Both projects are gaining a lot of traction and rapidly improving. Let’s look at how these two projects handle some of the challenges Airflow struggles with.
Local Development and Testing
With Airflow, local development and testing can be a nightmare. If your production Airflow instance uses Kubernetes as an execution engine, then your local development will then need Kubernetes locally as well, as a task written with the S3Operator requires a connection to AWS S3 to run: not ideal for local development.
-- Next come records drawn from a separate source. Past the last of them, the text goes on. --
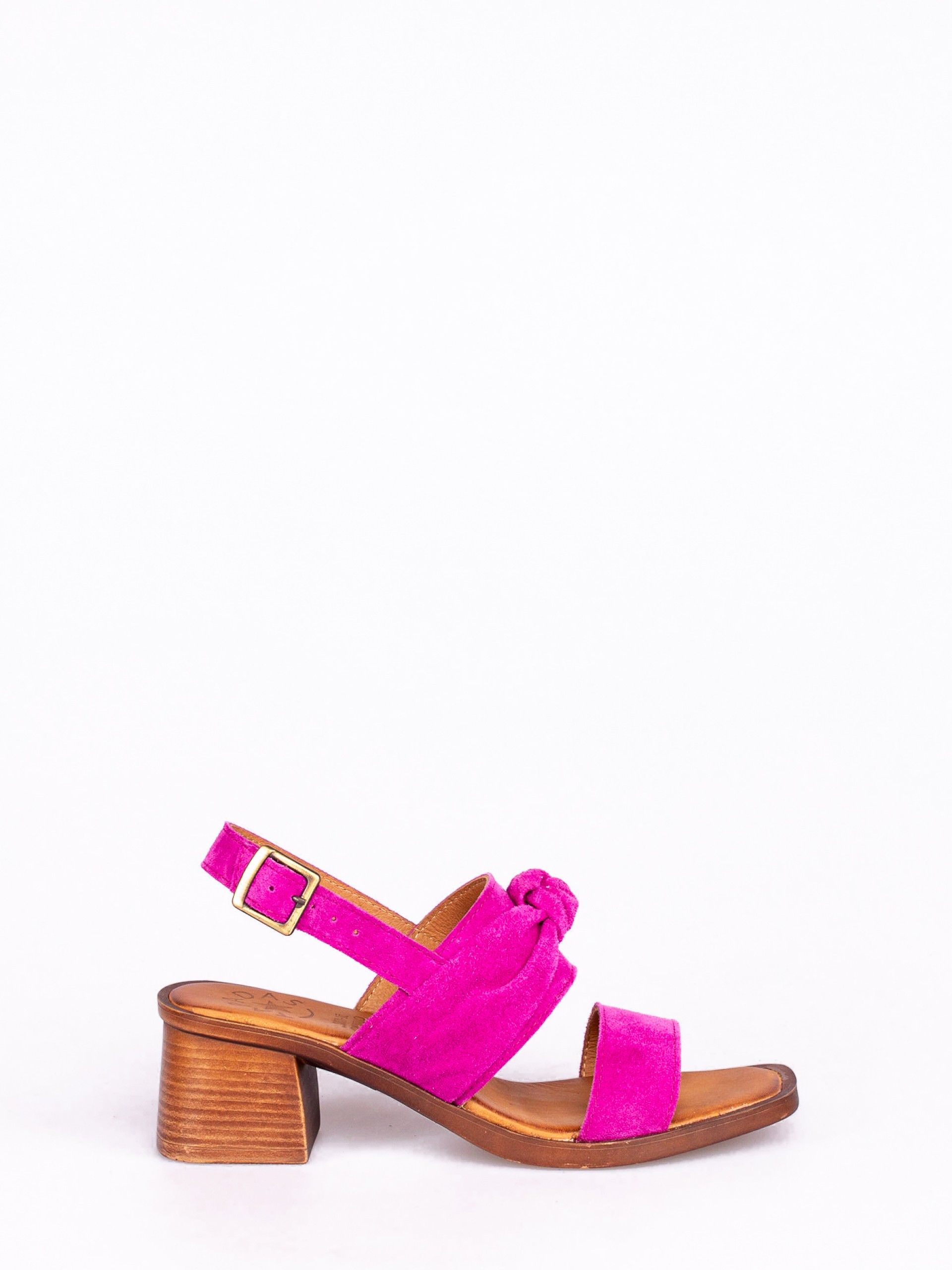 Sandália de Salto com Nó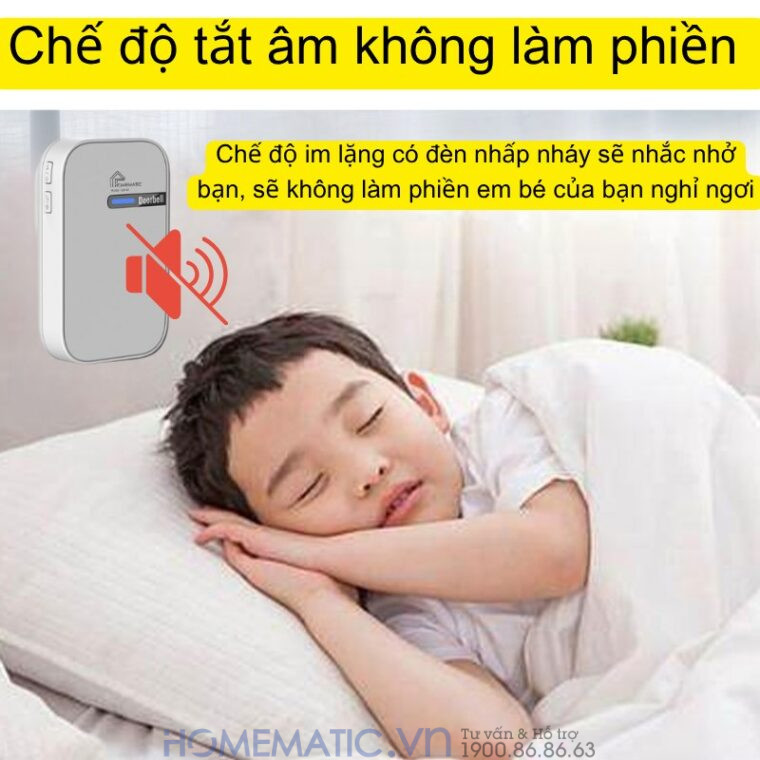 Chuông Cửa Không Dây Không Pin Cao Cấp Homematic G9lw chế độ tắt âm không làm phiền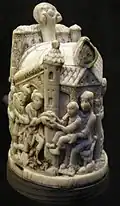 Reine de jeu d'échecs en ivoire, fin du XIe&nbsp;siècle.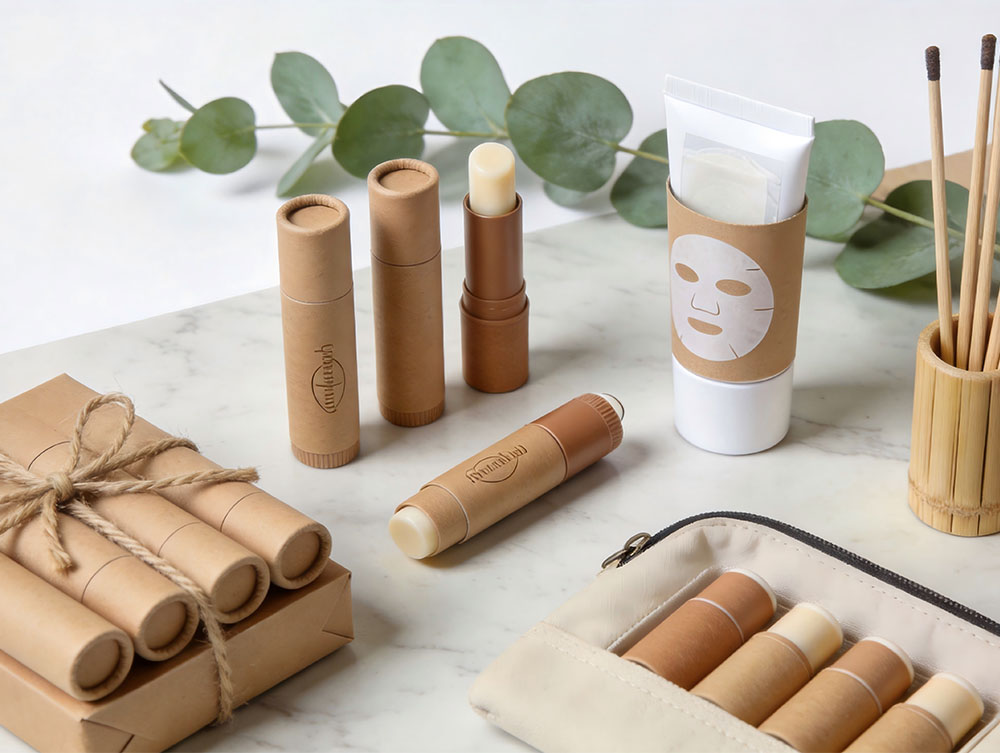 Déodorant en pâte à papier, emballage cosmétique rechargeable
# In Airflow, the task writes to S3, using the S3 hook, and the function doesn't take any arguments.
def to_s3():
path_file = 'test.csv'
df = pd.read_csv(path_file)
csv_buffer = StringIO()
df.to_csv(csv_buffer)
s3 = S3Hook(aws_conn_id='my_s3')
s3.get_conn()
s3.put_object(Body=csv_buffer.getvalue(),
Bucket=BUCKET_NAME,
Key='test.csv')
task_to_s3_op = PythonOperator(
task_id='UploadToS3',
provide_context=True,
python_callable=to_s3,
dag=dag
)
With Dagster, compute and storage are two different concerns and can be abstracted away. Instead of explicitly providing a particular Kubernetes instance to your DAG, your functions accept inputs and outputs and its up to the resources that are configured at run-time to persist the data, whether that’s a local temp file for development, or an encrypted object store in the cloud in production.
# In Dagster, a function is explicit about data frames as inputs and outputs. How these are persisted is defined at run-time, not in the code itself.
@solid
def filter_over_50(people: DataFrame) -> DataFrame:
return people.filter(people['age'] > 50)
# Resource definitions can be swaped out depending on the environment through code
calories_test_job = calories.to_job(
resource_defs={"warehouse": local_sqlite_warehouse_resource}
)
calories_dev_job = calories.to_job(
resource_defs={"warehouse": sqlalchemy_postgres_warehouse_resource}
)
Prefect also supports a level of abstraction on storage although through RunConfigs.
from prefect import Flow
from prefect.run_configs import KubernetesRun
# Set run_config as part of the constructor
with Flow("example", run_config=KubernetesRun()) as flow:
...
This doesn’t provide the same level of abstraction as Dagster, however, which can make local development more tricky. For Prefect, parametrization is the focus of local development. By being able to parametrize your Flows, you can provide smaller datasets for local development and larger ones for production use.
Scheduling Tasks
In Airflow, off-schedule tasks can cause a lot of unexpected issues and all DAGs need some type of schedule, and running multiple runs of a DAG with the same execution time is not possible.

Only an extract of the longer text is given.